无处安放

有个朋友给我描述抑郁的感受:像头顶有沙子不断向下泄露。我无法体会,后来某天在地铁上,忽然感觉周围的形状和我并不符合,把我放在什么位置,都突兀,会硌到我;我无论保持什么样的姿势,都不舒服,都难过。也许抑郁的心情在我这里,就是无处安放的感觉。

在9gag上看到一张图,一只歪着嘴笑的小白狗,旁白是,“世界上最anti-depressant的东西是小狗”。小狗是否抗抑郁我不知道,反正狗弟弟小的时候,差点把我弄抑郁了。毛茸茸的它在你手掌心温暖惬意地呼吸,催产素融化所有人的心。——但转瞬它开始拉屎拉尿,踩着屎尿到处乱跑,咬坏周围一切。你跟在他身后收拾,像推石头上山的西西弗斯,永无止境地受难。
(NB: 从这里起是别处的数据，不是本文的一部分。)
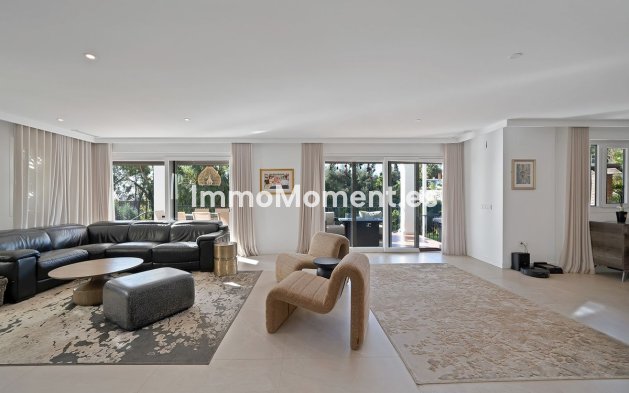 Resale - Villa - Benalmadena - Benalmadena Centro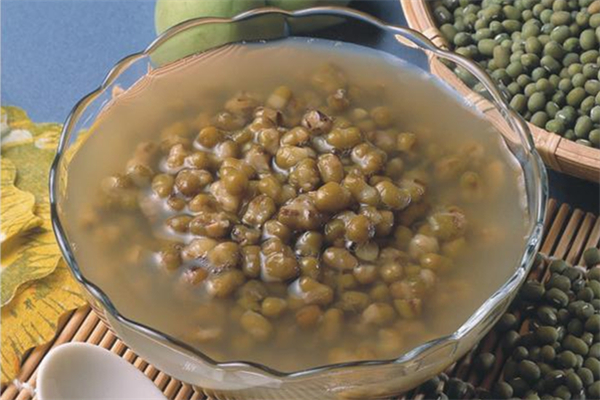 綠豆湯可以解藥性嗎 綠豆湯吃藥的人能喝嗎 綠豆湯可以解藥性嗎 綠豆湯吃藥的人能喝嗎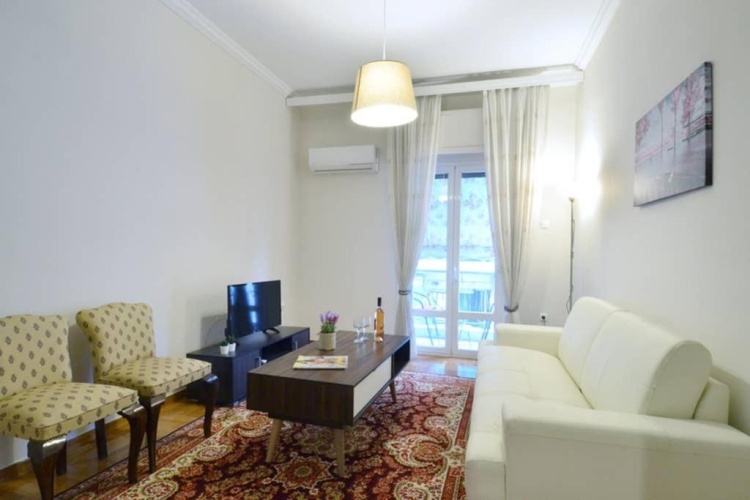 2 Bedrooms Quadruple Apartment with balcony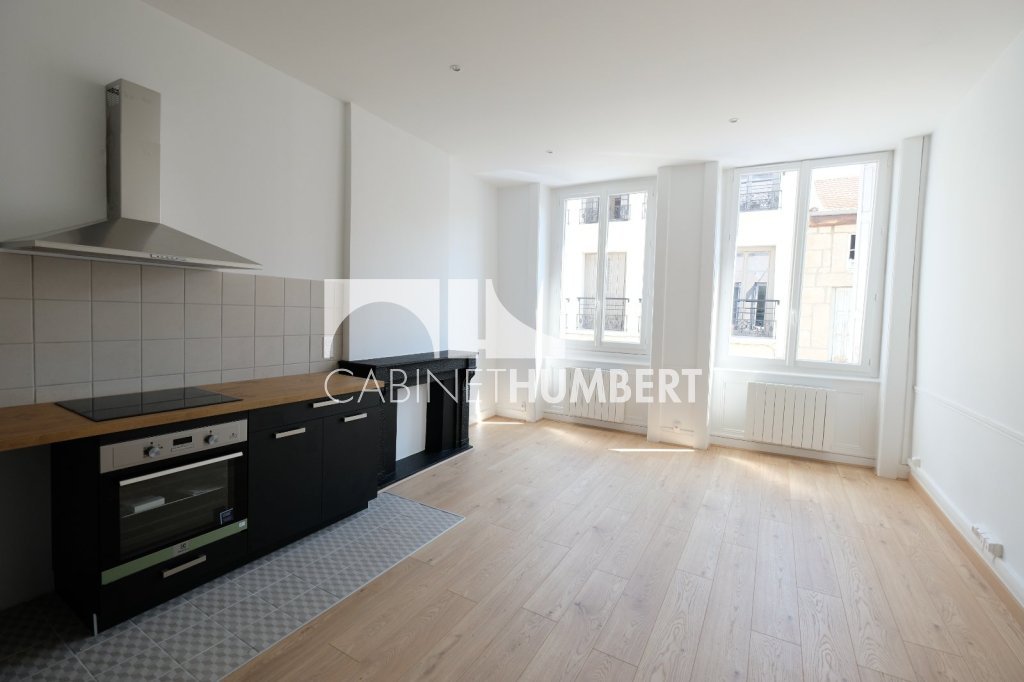APPARTEMENT T3 A LOUER - ST ETIENNE CENTRE VILLE - 53 m2 - 585€ charges comprises par mois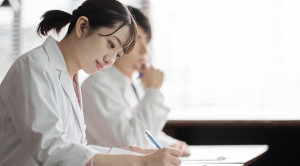 Tips Persiapan Seleksi Program Pendidikan Dokter Spesialis di Indonesia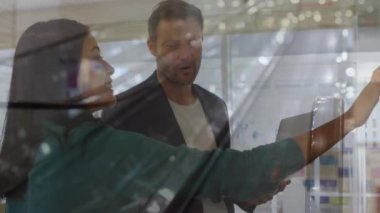 Modern ofiste konuşan iş adamlarının ofis binasının animasyonu. iş, finans ve ağ konsepti dijital olarak oluşturulmuş video.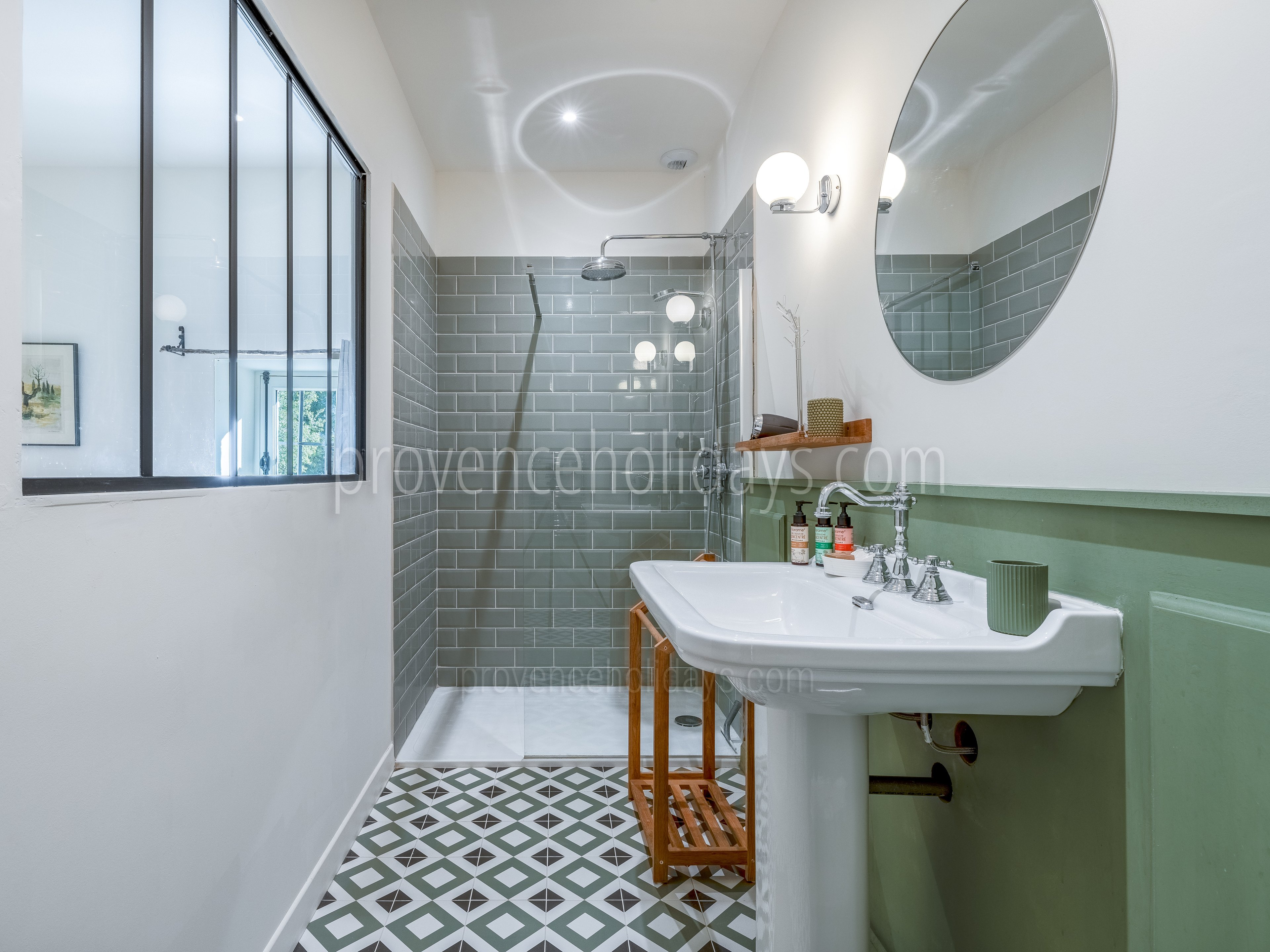 18 - Mas des Roches: Villa: Bathroom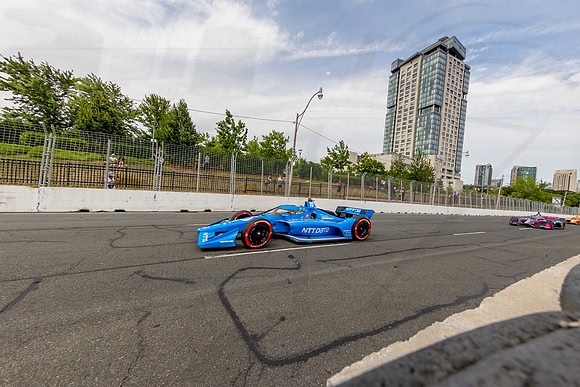 D2207_INDYTO_09635_BLS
但狗弟弟确实是一个友善的陪伴,他喜怒形于色,为小小乐趣开怀,拥有健全狗格。他并不考虑你是否有心情,强迫你接受他把头挤到你胳膊底下,要你摸他。你恼怒,厌烦他,呵斥他走开,他走远两步,回头看你,好像不放心你一个人,又颠颠跑回来,重复那一套,直到你气馁,摸他头,摸他背,摸到心慢慢柔软,软得像在澡堂虚脱。

只要口感不差,巧克力奶也令人熨帖。最近我遍尝了周遭的巧克力奶。最好喝的还是星巴克的,从服务生手里接过一大杯满满的诚意,抿一口微带粉末的滚烫熔岩,会颇感安慰。虽然很快就会又跌回到自我可怜的漩涡当中去。

我喜欢酒吧,闹腾的安静的都喜欢。有人说“在酒吧鬼混就像找明天借快乐”,我很难同意,偶尔把自己灌醉,把理性关起来打一顿,是对情绪的一种犒赏和安抚。但我实在不是一个能喝酒的人,这段时间试着接触酒精,效果并不十分可观——有点像短暂的休克,第二天醒来并不觉得更加沮丧,但也没有快乐多少,只是捱过去一段时间罢了。关键在于,即便是非常少量的酒,也会对我那酒精过敏的身体产生影响。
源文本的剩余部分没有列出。